Les deux motions partagent une même vision du Parti socialiste : refus de la présidentialisation du parti, stratégie d’alliances fondée sur le rassemblement de la gauche, refus d’alliances nationales avec un centre qui ne partage ni nos valeurs ni les propositions du PS et même les combat ouvertement.
C’est dire que les deux motions ont une vocation réelle à se retrouver pour bâtir une majorité de changement. Des considérations, tactiques pour une part (« à deux on ratisse plus large »…), des oppositions personnelles venues par exemple de P. Moscovici qui, au dernier moment, rallie la motion Delanoé-Hollande, ont empêché un rassemblement large au stade des motions. C’est sans doute dommage (« l’union fait la force »…).
Les discussions actuelles montrent que cette « division » des motions pose quelques difficultés.
Elles ne sont pas tellement dues aux différences entre les motions. Quelles sont-elles ? Il y a d’abord une différence de démarche et de méthode politiques. Dans une rencontre entre des militants « C » et « D », à laquelle j’ai participé, les soutiens de Benoît Hamon et de ses amis déclarent être à l’aise avec leur motion, parce que c’est « confortable » : en effet, il n’y a pas à expliquer les mois de travail en commun de Martine Aubry, Cambadélis, Fabius, Montebourg – des protagonistes des clivages récents – et tous ceux qui se sont livrés à cette réflexion de fond pour se retrouver sur une politique commune et crédible, orientée vers l’avenir et dépassant les clivages du passé. Mais c’est bien cette difficulté surmontée qui est un gage de la solidité pour une équipe qui aspire à constituer l'équipe dirigeante de l’avenir. La motion « C » est avant tout une équipe de « la gauche socialiste » qui se retrouve comme avant 2003. Elle rassemble les anciens du non comme d’autres rassemblent les anciens du oui pour l’essentiel. C’est là une différence.
Autre différence : l’accent de la motion « C » est mis sur un discours de radicalité idéologique. Elle veut se présenter avec un « monde d’avance », ce qui, parfois, donne l’impression que l’on oublie le monde réel qu’il s’agit de transformer par des propositions concrètes. On le voit en comparant la justesse du diagnostic sur la crise financière et l’absence de proposition vraiment concrète pour éradiquer la financiarisation du capitalisme. Sur l’Europe, l’analyse et le constat de la motion « C » sont très intéressants mais beaucoup de ces questions ne peuvent être réalisées à 27 : il faut donc passer par des coopérations à géométrie variable, sans exclusive : c’est cela aussi être dans le réel.
Est-ce insurmontable ? Des travaux en commun ont déjà été menés par les deux équipes avant le dépôt des motions.
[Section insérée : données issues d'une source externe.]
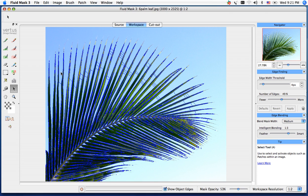Hi, and welcome back to Fluid Mask Training. In this image, we're going to tackle this palm tree by using our rectangular patch tool and our color workspace.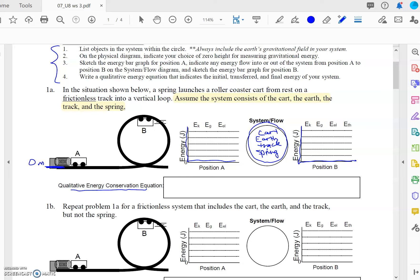Now we're going to sketch the bar graphs. For position A, the cart is sitting at rest, the spring is compressed, and is getting ready to launch the cart through this loop-de-loop on the roller coaster. Kinetic energy is the energy of motion; gravitational potential energy has to do with the height of an object; and elastic potential energy has to do with an object that is stretchy, like the spring. In position A, the cart is not in motion so it doesn't have kinetic energy, and it's at ground level so it has no gravitational potential energy. All the energy of the system is located in the spring, so I'm going to draw a bar graph five bars tall. These are qualitative, so if you don't draw yours five bars tall, that's okay.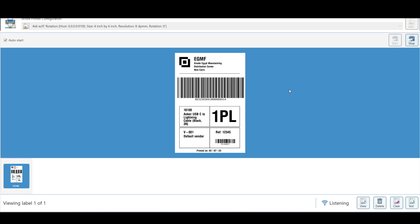Here we can see the label. We have a barcode for the license plate, item information, quantity and unit of measure, vendor information, customer reference number specified in the Purchase Order header, a barcode for the purchase order, and when the license plate has been printed.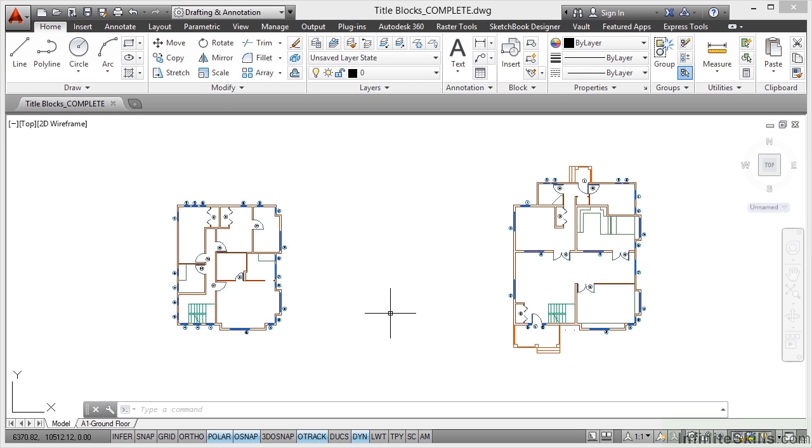We're now moving on to the next section in this Space Planning for AutoCAD course, and the first thing we're going to consider are our title blocks.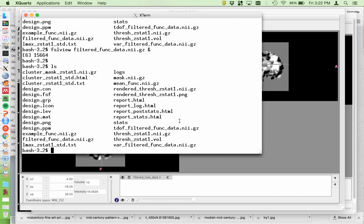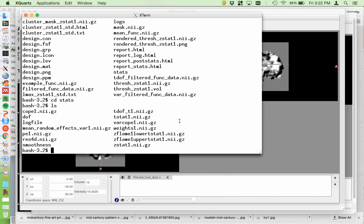Let's go into the stats directory. That again is where the z stat statistic is. There's a t statistic here too, but I usually use the z statistic for viewing because then you don't have to worry about degrees of freedom.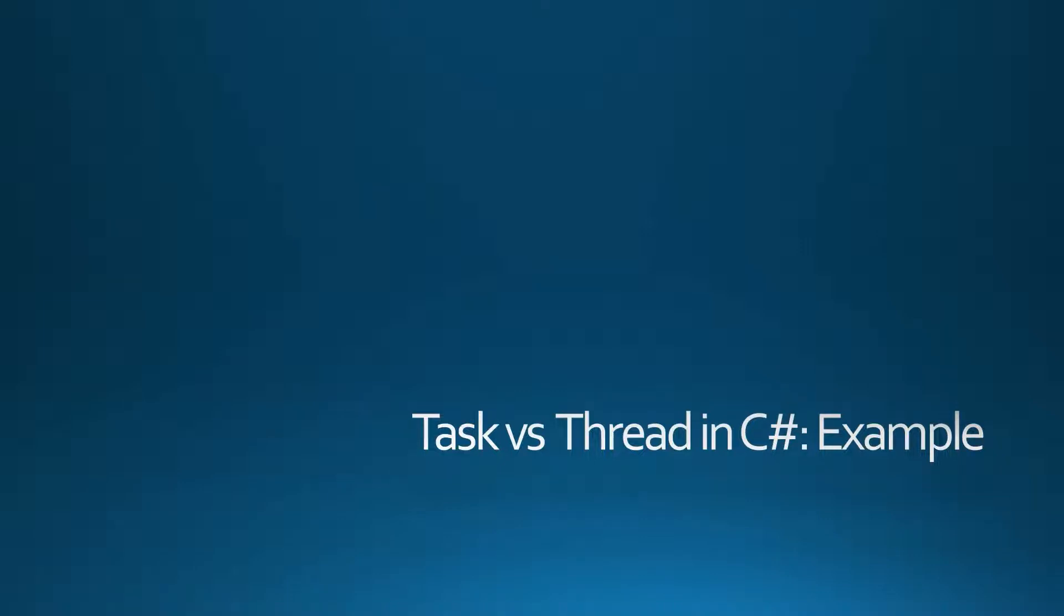Hello guys, let's talk about differences between tasks and threads in C-Sharp using a practical example.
Et elles savent où il faudra faire les avancées décisives pour rassembler, et, avant tout, rassembler les Français à gauche.
La difficulté majeure est que la division actuelle permet à d’autres motions de profiter de la brèche. Pour la motion Hollande-Delanoé, tout d’abord, mais aussi pour la motion Royal-Collomb, des attaques constantes sont lancées contre Fabius, « le traître qui n’a pas respecté le vote des militants ». On oublie qu'il n'y a pas si longtemps, il a permis au PS de gagner 50 à 60 sièges de députés supplémentaires... Curieusement, Jean-Luc Mélenchon (de la motion "C") qui a essuyé jusque dans un passé tout récent des invectives, n’est jamais pris à partie. Pourtant jamais Fabius n’a dit comme lui qu’il se poserait peut-être la question de quitter le PS… La tactique est claire. La motion « D », menée par Martine Aubry, pour son contenu, en raison de ses signataires, est jugée la plus dangereuse pour l’équipe sortante. Si par hasard, on pouvait l’affaiblir en épargnant la motion « C », serait-ce un mal ? Car c’est aussi de cette manière que se font les congrès au PS ! Hélas !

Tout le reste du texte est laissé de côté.